[Start of Attachment]

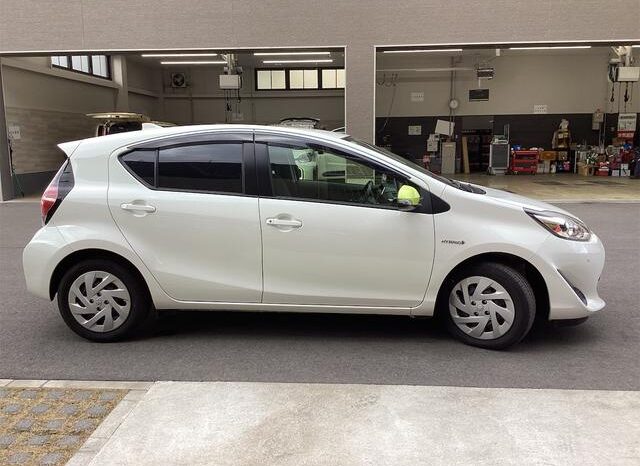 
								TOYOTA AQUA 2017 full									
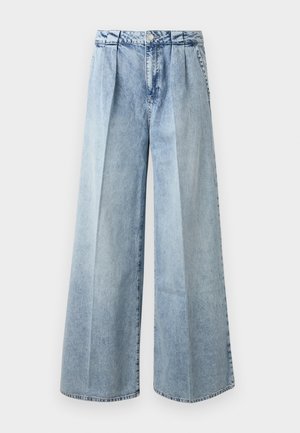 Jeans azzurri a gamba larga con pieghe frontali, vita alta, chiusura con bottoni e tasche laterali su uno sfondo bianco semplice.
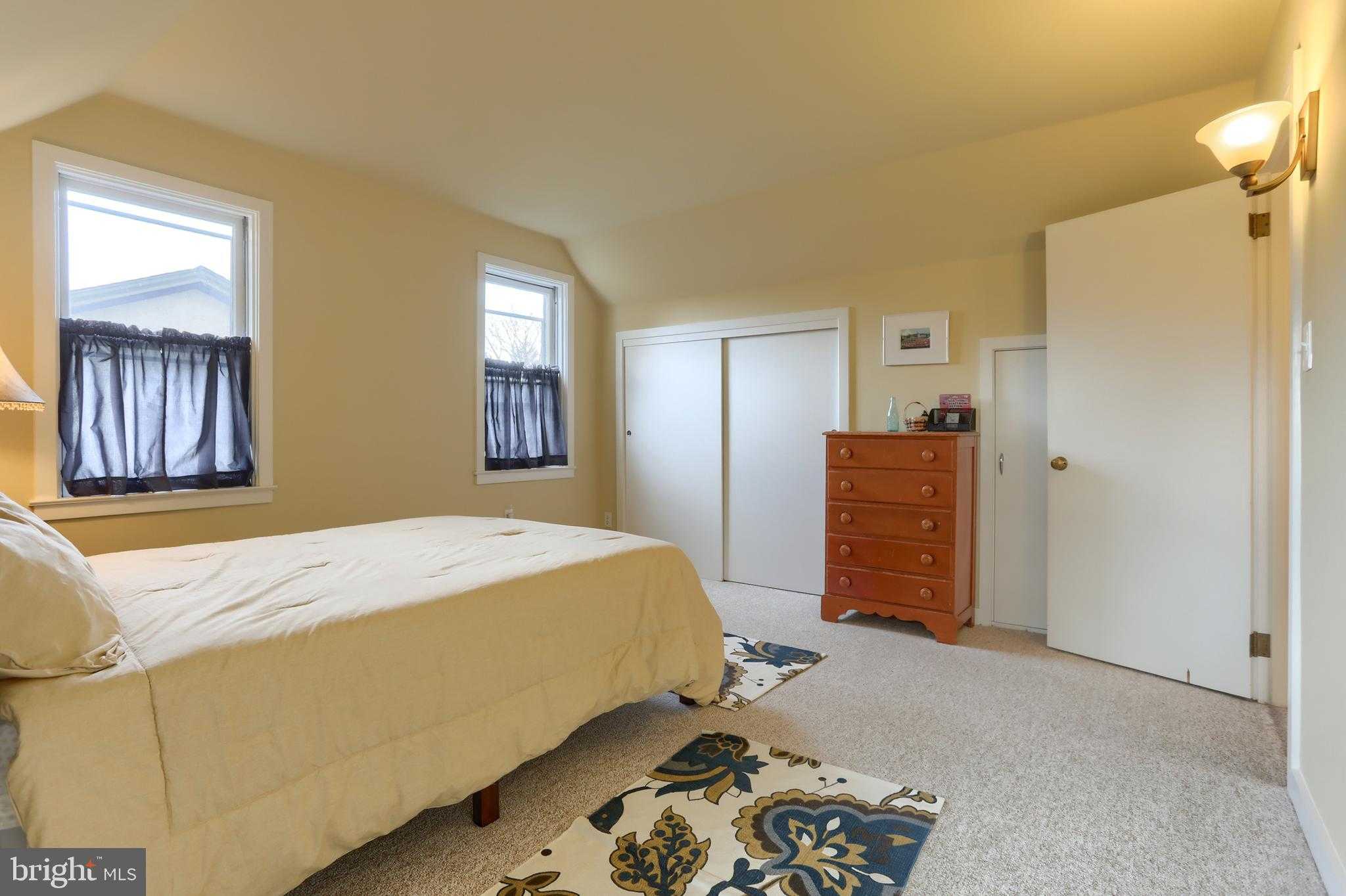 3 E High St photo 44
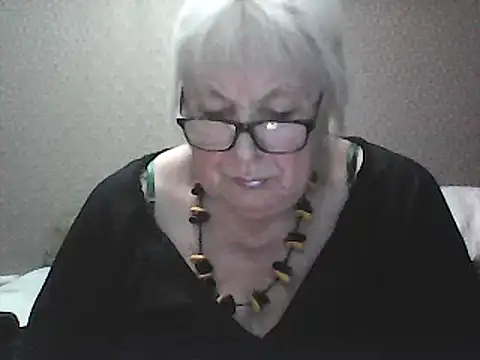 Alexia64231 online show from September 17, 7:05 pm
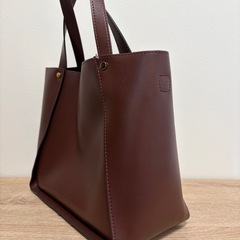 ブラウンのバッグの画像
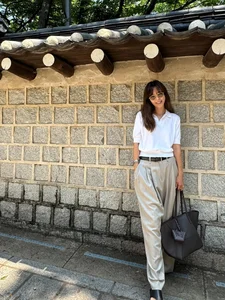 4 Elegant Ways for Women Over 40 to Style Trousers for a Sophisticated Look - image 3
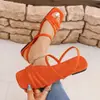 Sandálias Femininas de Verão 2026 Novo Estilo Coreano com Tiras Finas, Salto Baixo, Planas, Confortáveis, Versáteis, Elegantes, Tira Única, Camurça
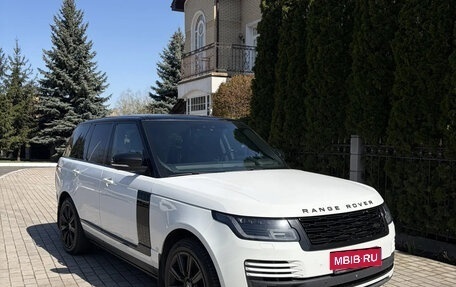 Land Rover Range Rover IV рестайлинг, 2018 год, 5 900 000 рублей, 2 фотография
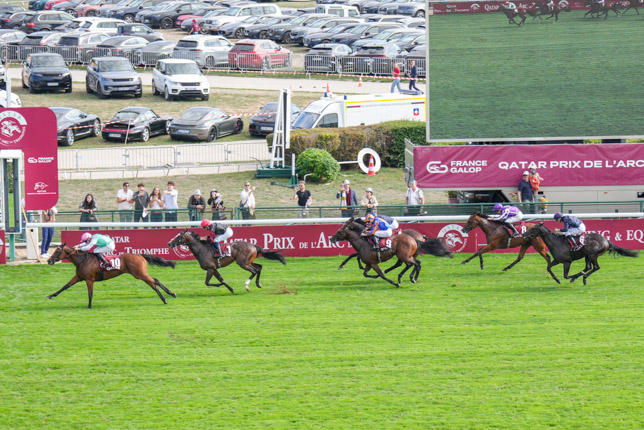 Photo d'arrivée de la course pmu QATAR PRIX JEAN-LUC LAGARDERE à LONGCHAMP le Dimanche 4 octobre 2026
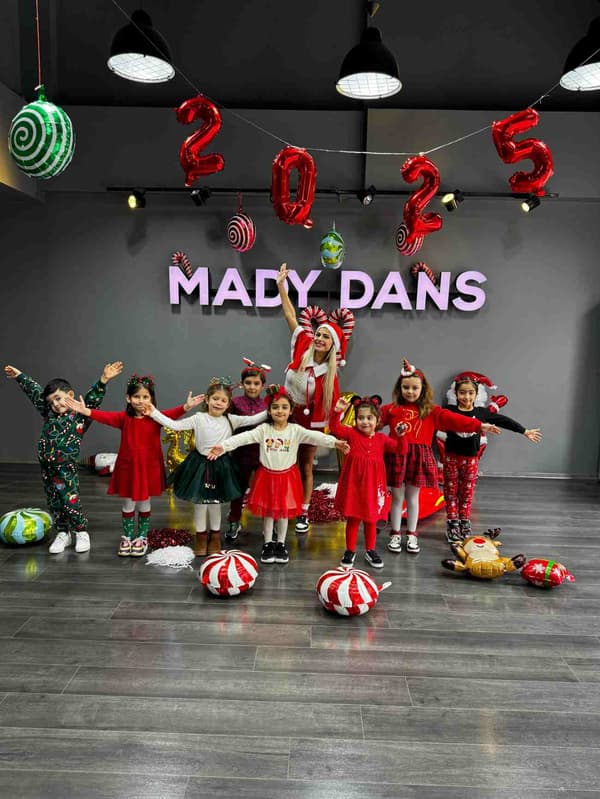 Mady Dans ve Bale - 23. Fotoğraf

[End of Attachment]
[Start of Attachment]

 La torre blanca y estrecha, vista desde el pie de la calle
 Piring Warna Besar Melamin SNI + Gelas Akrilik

[End of Attachment]

Activity
Write out word for word the lines above that run from the one with "ブラウンのバッグの画像" to the one with "Land Rover Range". Include both end lines; exclude the images.

Task answer
 ブラウンのバッグの画像
 4 Elegant Ways for Women Over 40 to Style Trousers for a Sophisticated Look - image 3
 Sandálias Femininas de Verão 2026 Novo Estilo Coreano com Tiras Finas, Salto Baixo, Planas, Confortáveis, Versáteis, Elegantes, Tira Única, Camurça
 Land Rover Range Rover IV рестайлинг, 2018 год, 5 900 000 рублей, 2 фотография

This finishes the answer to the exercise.